# IBM - employee attrition #
__Why employees leave IBM?__<br/>
__Can we predict employee attrition?__

by Viktor Gorchev

Data source: https://www.kaggle.com/pavansubhasht/ibm-hr-analytics-attrition-dataset

Table of Contents<br/>
I. Tidying the data.<br/>
II. Data exploration.<br/>
III. Predict attrition using machine learning.<br/>
IV. Conclusion

In [None]:
%matplotlib inline
import pandas as pd
import numpy as np
import matplotlib.pyplot as plt
import matplotlib.patches as mpatches
import seaborn as sns

from sklearn.model_selection import train_test_split, GridSearchCV
from sklearn.metrics import confusion_matrix
from sklearn.metrics import accuracy_score, precision_score, recall_score, f1_score
from sklearn.metrics import roc_curve, auc
from sklearn.cross_validation import KFold

from sklearn.svm import SVC
from sklearn.neighbors import KNeighborsClassifier
from sklearn.neural_network import MLPClassifier

from sklearn.ensemble import RandomForestClassifier
from sklearn.tree import DecisionTreeClassifier
from sklearn.ensemble import AdaBoostClassifier

# I. Tidying the data.

In [None]:
resource_location = '../input/WA_Fn-UseC_-HR-Employee-Attrition.csv'
data = pd.read_csv(resource_location)

In [None]:
print("Rows count: ", data.shape[0])
print("Columns count: ", data.shape[1])

__COLUMN DEFINITIONS:__<br/>

__Education__ <br/>1 'Below College'; 2 'College'; 3 'Bachelor'; 4 'Master'; 5 'Doctor'.<br/>

__EnvironmentSatisfaction__ <br/>1 'Low'; 2 'Medium'; 3 'High'; 4 'Very High'.<br/>

__JobInvolvement__ <br/>1 'Low'; 2 'Medium'; 3 'High'; 4 'Very High'.<br/>

__JobSatisfaction__ <br/>1 'Low'; 2 'Medium'; 3 'High'; 4 'Very High'.<br/>

__PerformanceRating__ <br/>1 'Low'; 2 'Good'; 3 'Excellent'; 4 'Outstanding'.<br/>

__RelationshipSatisfaction__ <br/>1 'Low'; 2 'Medium'; 3 'High'; 4 'Very High'.<br/>

__WorkLifeBalance__ <br/>1 'Bad'; 2 'Good'; 3 'Better'; 4 'Best'.<br/>

__Unfortunately for the rest the columns there isn’t a definition what each number represents!__

In [None]:
data.head(3)

In [None]:
data.tail(3)

In [None]:
print('NaN values in data:')
data.apply(lambda x: sum(x.isnull()),axis=0)  

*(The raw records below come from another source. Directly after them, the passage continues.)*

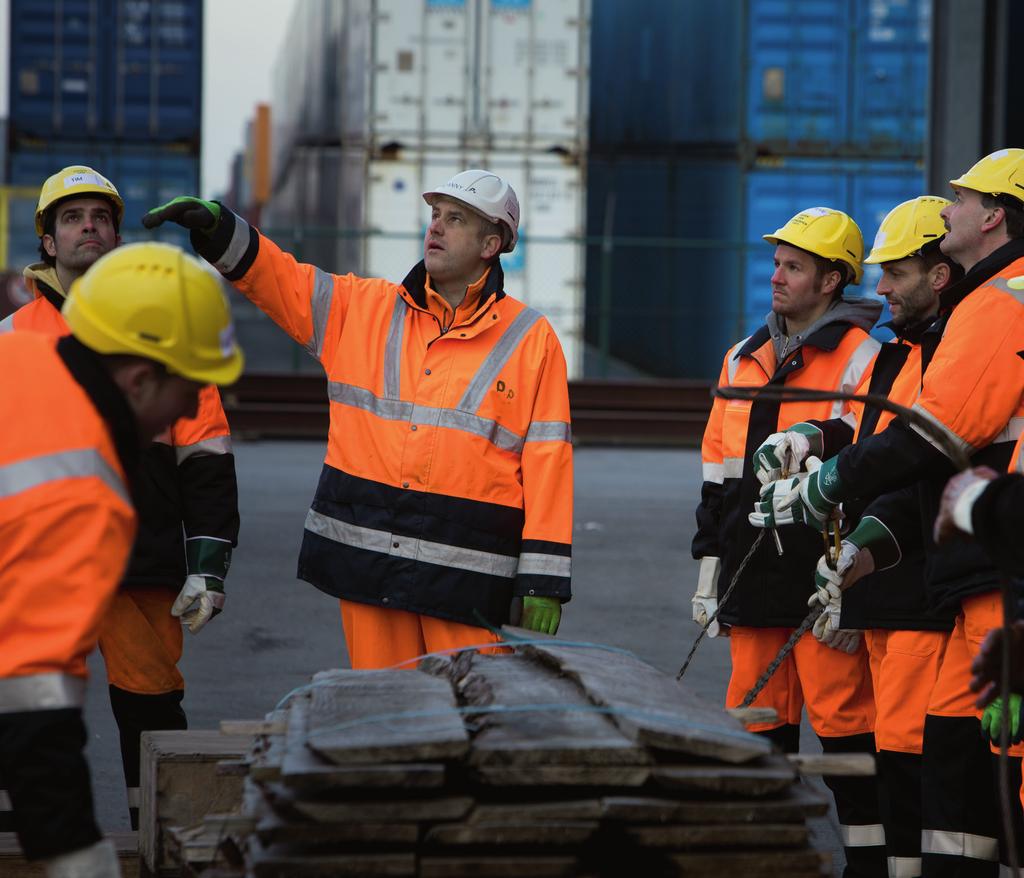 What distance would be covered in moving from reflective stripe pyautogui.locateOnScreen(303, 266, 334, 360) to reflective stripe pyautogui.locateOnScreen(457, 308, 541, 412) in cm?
51

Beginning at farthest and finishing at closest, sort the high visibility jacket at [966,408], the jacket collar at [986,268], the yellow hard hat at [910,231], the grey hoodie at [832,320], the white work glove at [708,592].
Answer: the white work glove at [708,592] → the grey hoodie at [832,320] → the yellow hard hat at [910,231] → the jacket collar at [986,268] → the high visibility jacket at [966,408]

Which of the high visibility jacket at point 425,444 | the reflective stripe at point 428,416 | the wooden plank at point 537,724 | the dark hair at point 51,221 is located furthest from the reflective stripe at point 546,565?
the dark hair at point 51,221

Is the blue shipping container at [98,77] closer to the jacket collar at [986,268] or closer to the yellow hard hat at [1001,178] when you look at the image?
the yellow hard hat at [1001,178]

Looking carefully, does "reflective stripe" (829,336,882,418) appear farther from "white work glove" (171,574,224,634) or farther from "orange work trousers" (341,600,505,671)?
"white work glove" (171,574,224,634)

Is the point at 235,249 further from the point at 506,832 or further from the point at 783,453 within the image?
the point at 506,832

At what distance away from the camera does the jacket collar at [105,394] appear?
101 inches

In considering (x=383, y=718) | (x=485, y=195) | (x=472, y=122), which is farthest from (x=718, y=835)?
(x=472, y=122)

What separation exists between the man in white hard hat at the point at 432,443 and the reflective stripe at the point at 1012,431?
1273 millimetres

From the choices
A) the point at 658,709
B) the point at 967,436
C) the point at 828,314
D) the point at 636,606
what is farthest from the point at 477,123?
the point at 658,709

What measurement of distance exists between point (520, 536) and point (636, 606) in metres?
4.91

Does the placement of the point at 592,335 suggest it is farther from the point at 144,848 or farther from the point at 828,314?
the point at 144,848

No data with NaN values was found.

In [None]:
data.dtypes

Data types correspond to the data in columns.

__Exploring the numerical and categorical data.__

In [None]:
cols = data.columns
numeric_cols = data._get_numeric_data().columns
categirical_cols = cols.drop(numeric_cols.tolist())

In [None]:
separator = "; "
print("Numeric data:\n", separator.join(numeric_cols))
print("Categorical data:\n", separator.join(categirical_cols))

__Numerical data__

In [None]:
data[numeric_cols].describe()

EmployeeCount has just value 1 on each row.<br/> EmployeeNumber is the Id number of the employee.<br/> StandardHours just value 80 on each row.<br/> These columns don’t hold any valuable information so we must delete them.

In [None]:
del data["EmployeeCount"]
del data["EmployeeNumber"]
del data["StandardHours"]

__Categorical data__

In [None]:
for col in categirical_cols:
    print(data[col].value_counts())

In [None]:
data["Over18"].value_counts()

Every employee in the data set is over 18.<br/>Column "Over18" holds no valuable data and must be deleted.

In [None]:
del data["Over18"]

"Attrition", "Gender" and "OverTime" are boolean variables. <br/>We convert them into 0 or 1 numerical data by using dummy variables and delete the originals.

In [None]:
data = pd.concat([data, pd.get_dummies(data[["Gender", "OverTime", "Attrition"]], drop_first=True)], axis=1)

del data["Gender"]
del data["OverTime"]
del data["Attrition"]

In [None]:
data.head(3)

# II. Data exploration.

In [None]:
sns.set(style="whitegrid", font_scale=1.3)
sns.countplot(x="Attrition_Yes", data=data, palette="hls")
sns.plt.title("Attrition Counts")
sns.plt.xlabel("Attrition (No = 0, Yes = 1)")
plt.show()

The attrition is imbalanced. There are far too many '0' than '1'.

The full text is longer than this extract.